── Exercise data ──

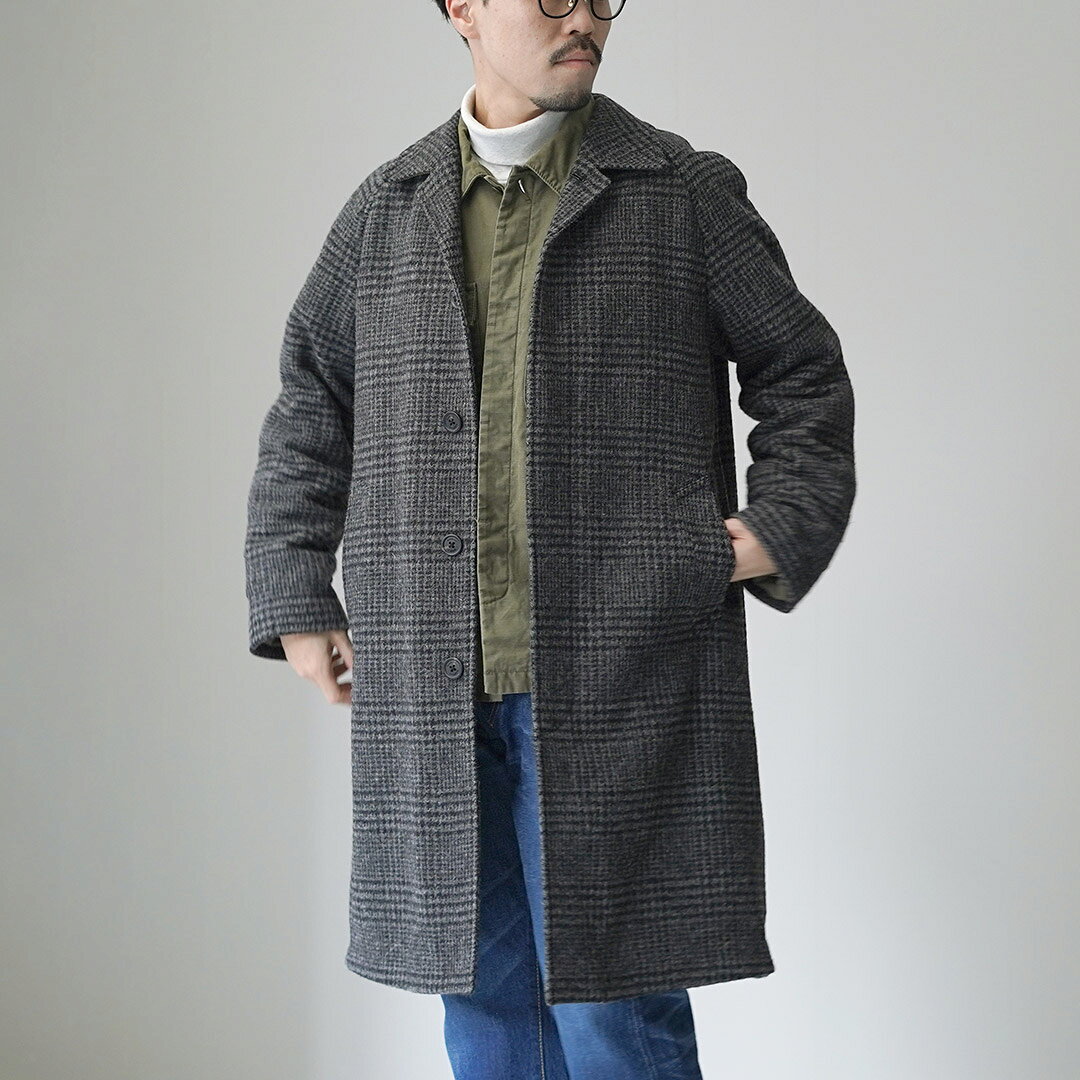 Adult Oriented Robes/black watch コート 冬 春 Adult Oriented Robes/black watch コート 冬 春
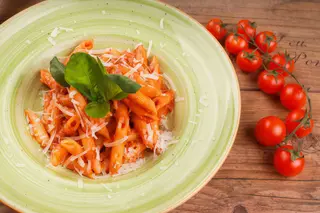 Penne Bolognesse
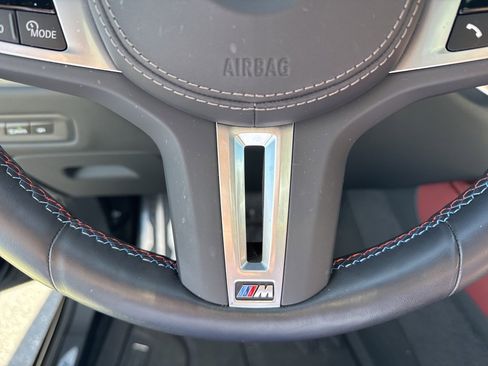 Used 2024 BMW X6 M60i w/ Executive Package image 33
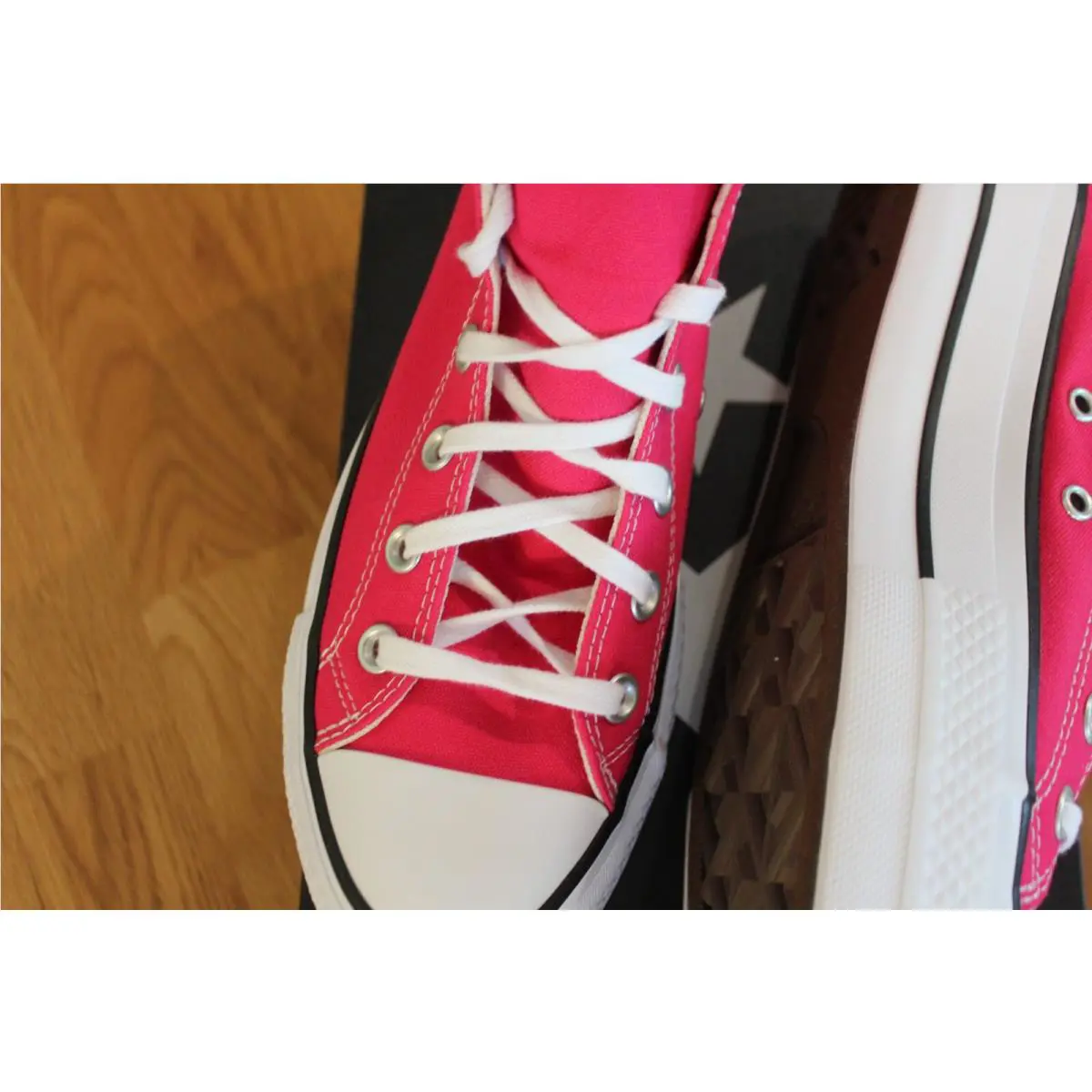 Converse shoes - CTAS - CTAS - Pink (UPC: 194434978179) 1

───

▶ What needs to be done
Please give back every line above exactly as it stands, without pictures.

▶ The answer
 Adult Oriented Robes/black watch コート 冬 春 Adult Oriented Robes/black watch コート 冬 春
 Penne Bolognesse
 Used 2024 BMW X6 M60i w/ Executive Package image 33
 Converse shoes - CTAS - CTAS - Pink (UPC: 194434978179) 1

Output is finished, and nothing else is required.